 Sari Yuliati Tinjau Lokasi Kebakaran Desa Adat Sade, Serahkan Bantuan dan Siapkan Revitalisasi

***

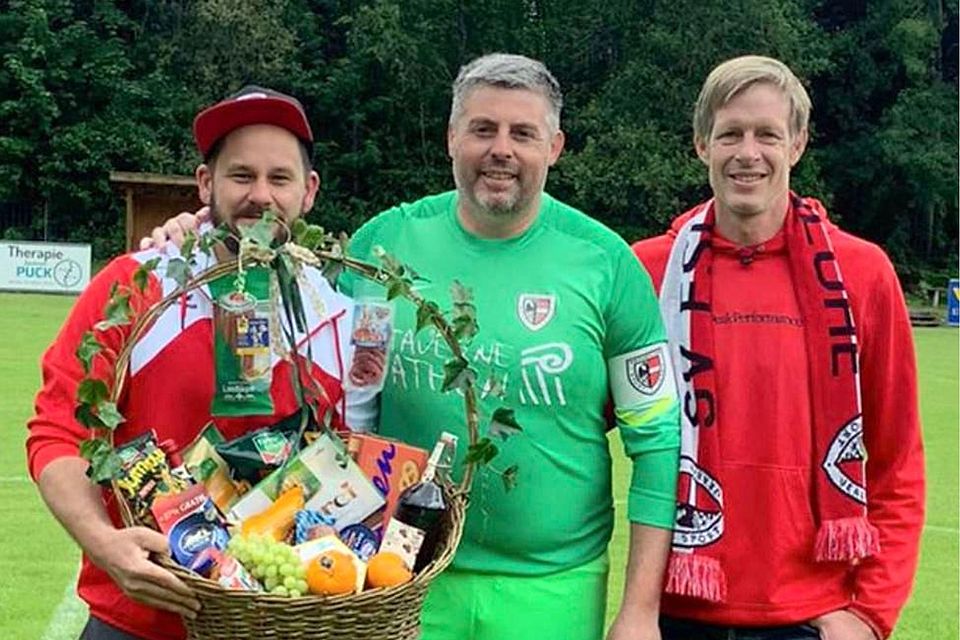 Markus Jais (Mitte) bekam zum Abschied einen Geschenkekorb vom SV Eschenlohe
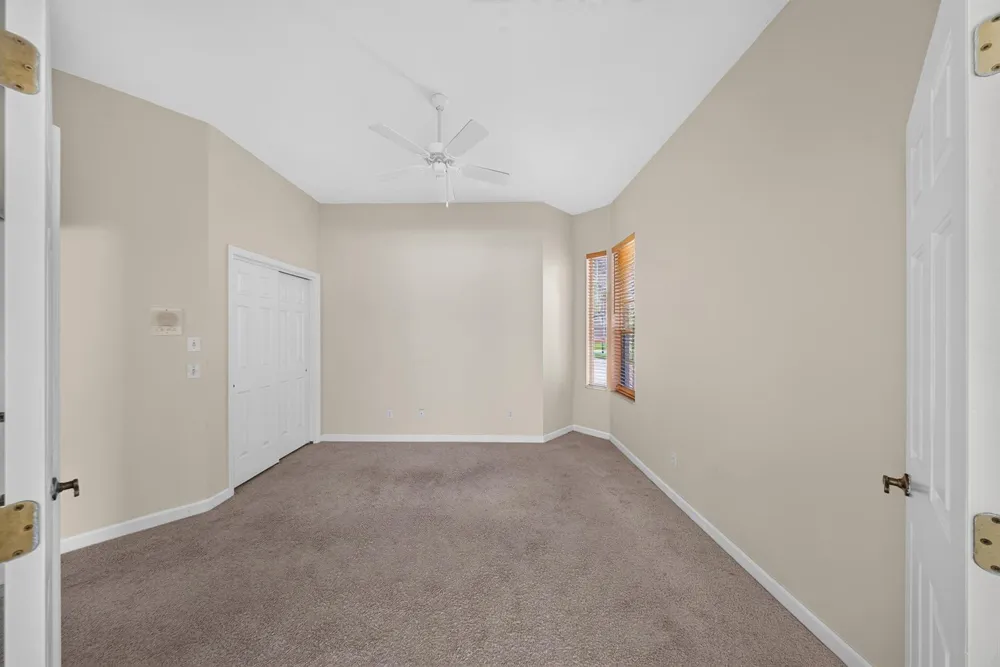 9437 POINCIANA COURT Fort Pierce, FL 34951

***

=== Try it ===
Although the records above contain pictures, the copy must not; set down exactly the lines from the one with "Markus Jais (Mitte)" up to and including the one with "9437 POINCIANA COURT Fort Pierce, FL 34951".

=== Task solution ===
 Markus Jais (Mitte) bekam zum Abschied einen Geschenkekorb vom SV Eschenlohe
 9437 POINCIANA COURT Fort Pierce, FL 34951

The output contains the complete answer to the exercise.